◆ TASK ITEM ◆
The answer must be an exact copy of the records, with no pictures in it.
★ ★ ★ ★ ★
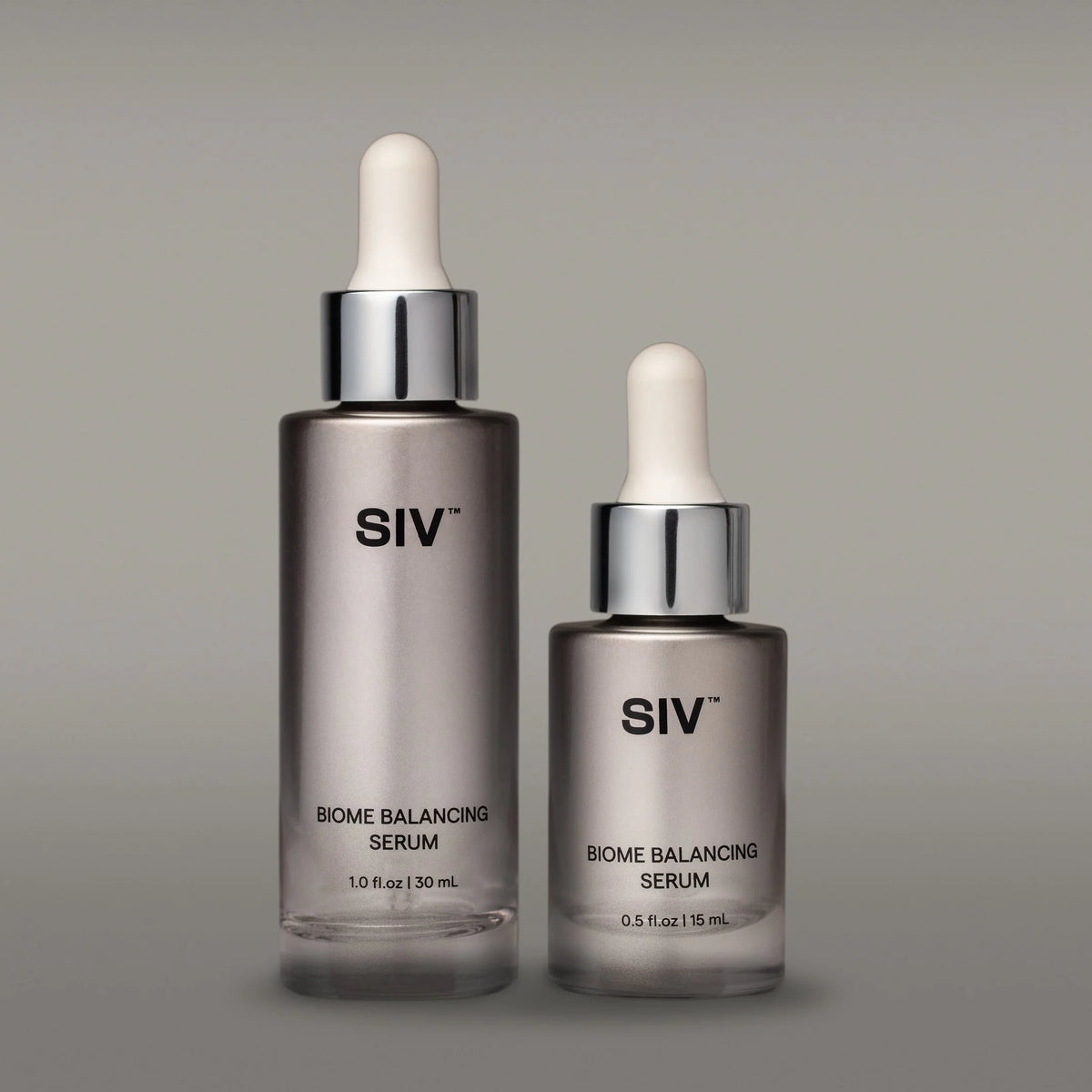 SIV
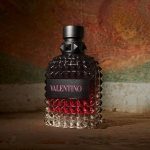 Valentino Born in Roma Uomo Eau de Parfum Intense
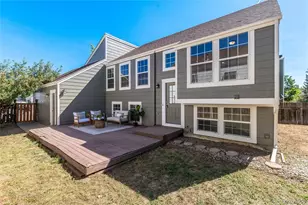 9734 W Elmhurst Pl, Littleton, CO 80128 - Photo 37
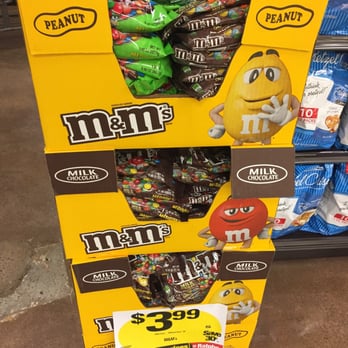 Ralphs - M&M's - Grocery Near Me - San Diego, California Ralphs - M&M's - Grocery Near Me - San Diego, California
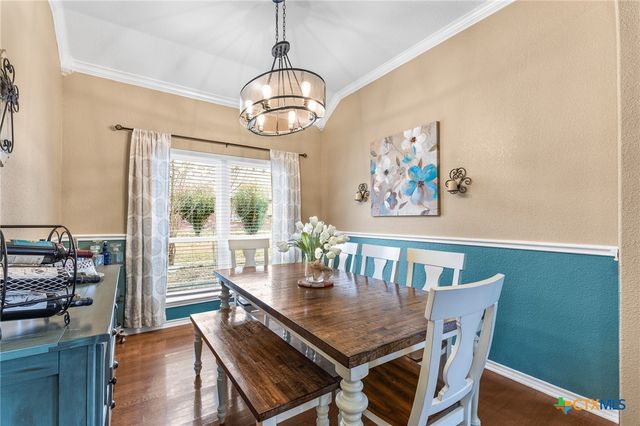 2115 Yak Trail, Harker Heights, TX 76548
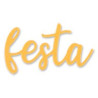 88252-CML-B Festa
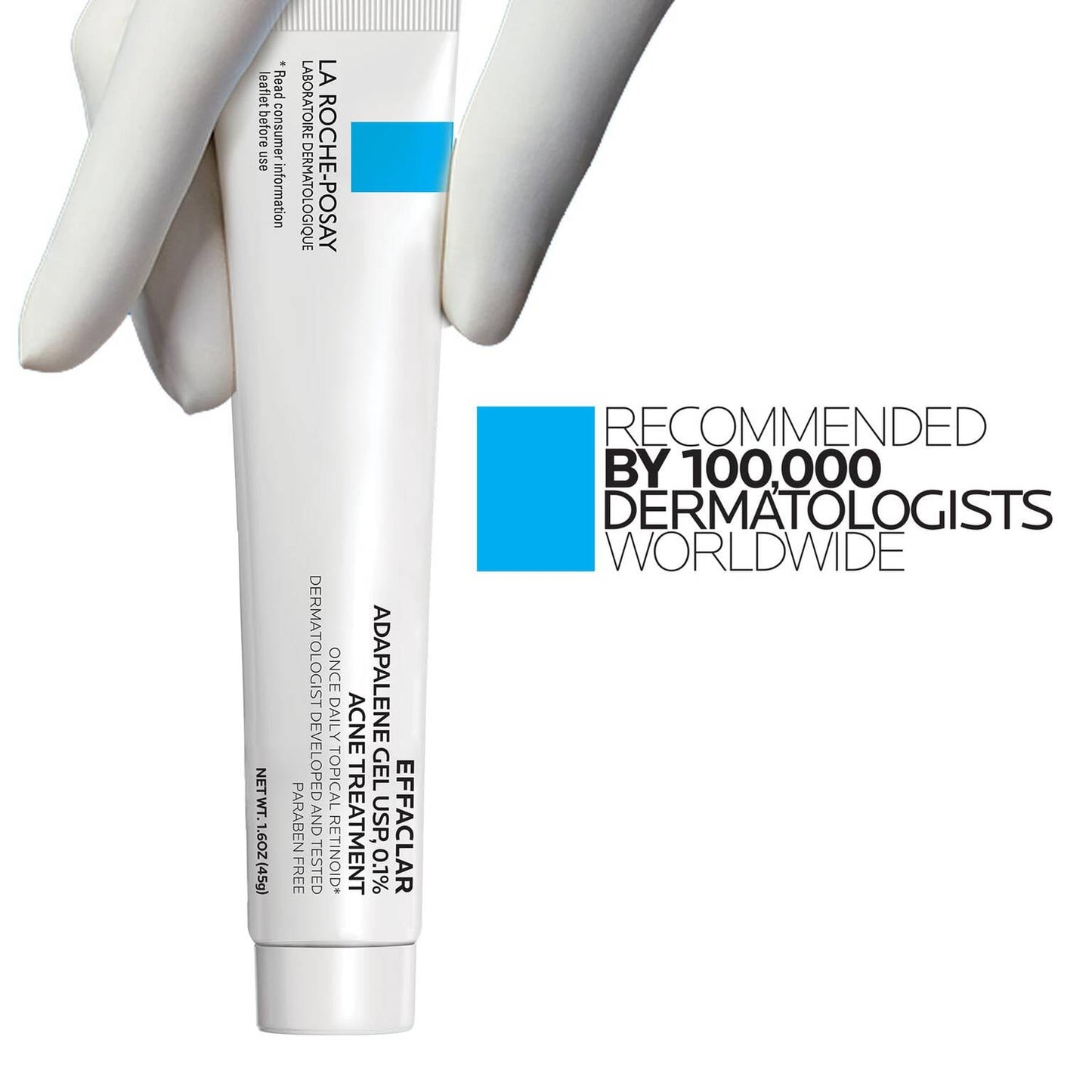 effaclar-adapalene-gel-0-1-topical-retinoid-for-acne-j2 LaRochePosay-Product-Effaclar-USA-Effaclar-Adapalene-Gel-18-3606000527553-Proendorsement-REV-1500x1500.jpg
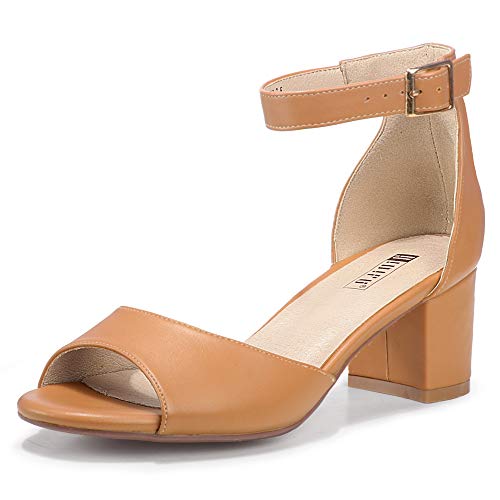 Nude Pu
★ ★ ★ ★ ★
◆ RESPONSE ◆
 SIV
 Valentino Born in Roma Uomo Eau de Parfum Intense
 9734 W Elmhurst Pl, Littleton, CO 80128 - Photo 37
 Ralphs - M&M's - Grocery Near Me - San Diego, California Ralphs - M&M's - Grocery Near Me - San Diego, California
 2115 Yak Trail, Harker Heights, TX 76548
 88252-CML-B Festa
 effaclar-adapalene-gel-0-1-topical-retinoid-for-acne-j2 LaRochePosay-Product-Effaclar-USA-Effaclar-Adapalene-Gel-18-3606000527553-Proendorsement-REV-1500x1500.jpg
 Nude Pu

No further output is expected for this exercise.